Thursday, May 12, 2011

One down, two to go

So just a very brief update of yesterday's Criminal Law exam. Overall cautiously optimistic. The exam was more straight forward than I expected it to be, actually was spoiled for choice about which questions to do. I think I hit all of the main points. I know for sure that I mixed up a couple case names but I think I got all the principles correct. Might have missed one possible charge yet reading the notes on it that charge seems a bit of a stretch but I guess that is what the exam is all about. If lucky I might pull out a 2.1, I dont expect it will less than a 2.2 but who knows maybe the grading will be really quite tough. I do feel rather exhausted today however so I hope I will regain my strength before the Public Law exam tomorrow. Fingers crossed and I will let you know.

Tuesday, May 10, 2011

Thank you

One thing I think that we forget to do in this day and age is to take the time to say thank you to others. In order to attempt to rectify this, prior to my first exam tomorrow I would like to say thank you to a few people. First of all to you, my gentle reader, for having a look at this blog. I am glad that you could come and have a look, I sincerely hope that you have enjoyed it so far and will come back again and again. To all those who took the time to comment on the blog - my thanks, you have made this experience much richer. To my colleagues at the law school and to all those other law students whom I have met along the way. I've enjoyed exchanging ideas and experiences more than you can imagine. I am a better law school student because of you. To my friends who have offered me encouragement and support. You have lifted my spirits and helped me to carry on. Finally to my family - words can not express how grateful I am that I have such a strong foundation upon which to build my life. My thanks to you all.

Friday, May 6, 2011

The Final Countdown

So at long last my exams begin next week. Apologies that I have not been keeping up with my law blog as much as I would like, I've been deep in revision. It is funny how much clicks into place in the last few days. I now see things with much more clarity than I did before and also can deal (I hope) with subtle issues which were so subtle before that I did not even recognize their existence. Hopefully all with come together on exam day and the grades will be adequate. Cross fingers for me.

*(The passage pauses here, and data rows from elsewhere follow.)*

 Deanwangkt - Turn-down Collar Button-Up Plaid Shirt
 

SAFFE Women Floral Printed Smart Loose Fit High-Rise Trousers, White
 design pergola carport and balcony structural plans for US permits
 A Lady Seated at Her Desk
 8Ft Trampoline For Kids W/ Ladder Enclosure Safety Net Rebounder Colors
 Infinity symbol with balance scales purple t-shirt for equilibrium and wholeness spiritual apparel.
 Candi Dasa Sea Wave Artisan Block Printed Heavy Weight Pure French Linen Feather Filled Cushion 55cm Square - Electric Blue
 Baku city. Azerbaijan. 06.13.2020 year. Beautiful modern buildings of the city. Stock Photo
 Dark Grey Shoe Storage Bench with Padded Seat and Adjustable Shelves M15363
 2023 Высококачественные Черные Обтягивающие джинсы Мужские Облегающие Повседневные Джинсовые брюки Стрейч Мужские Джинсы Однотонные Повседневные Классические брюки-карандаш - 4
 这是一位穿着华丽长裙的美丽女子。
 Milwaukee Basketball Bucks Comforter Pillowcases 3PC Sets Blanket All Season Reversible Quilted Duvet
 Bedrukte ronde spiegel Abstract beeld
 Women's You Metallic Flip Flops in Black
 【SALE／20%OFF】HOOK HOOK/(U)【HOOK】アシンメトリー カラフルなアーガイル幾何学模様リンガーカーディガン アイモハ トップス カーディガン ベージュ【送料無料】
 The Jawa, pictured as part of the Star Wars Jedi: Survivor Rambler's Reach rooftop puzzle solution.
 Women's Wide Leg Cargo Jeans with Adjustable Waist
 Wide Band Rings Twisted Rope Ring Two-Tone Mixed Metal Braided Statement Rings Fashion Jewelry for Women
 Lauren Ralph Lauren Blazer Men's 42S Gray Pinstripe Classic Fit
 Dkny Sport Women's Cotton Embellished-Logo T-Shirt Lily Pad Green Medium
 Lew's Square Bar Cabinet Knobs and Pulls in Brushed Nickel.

To be honest however more than anything, I am looking forward to some new subjects. Probably I will dive right into the new subjects as soon as I finish. Currently the plan is to take Contract, Torts, and Trust law. I think that the first year will be rather easy by comparison. I looked at Contract already and it seems like there are very many cases involved. Trust law I hope will tie in with my finance background. Torts with any luck will be as interesting as Criminal law is this year. Hopefully my interest will remain high.

Tomorrow I am off to pay for my exams. I am quite curious what the actual mechanics of the exams will be like. I am especially curious if there will be anyone else taking exams with me or if I will be all alone in some big lecture hall by myself. Either way I am looking forward to it. Time to close one chapter and begin another.

Thursday, April 7, 2011

Before the storm...

I remember several years ago I was living in a city which suffered from flooding. While there was a large amount of damage caused I believe that few lives were lost if any. However what was interesting to me was the way that the animals behaved. Apparently they could somehow sense in advance that something was wrong and were attempting to flee in advance of the disaster. Indeed many of the animals in the local zoo could not be saved by the attendants because they were in such a state of panic that the handlers could not safely move them to another location. I have to admit that students in advance of coming exams react in a similar manner.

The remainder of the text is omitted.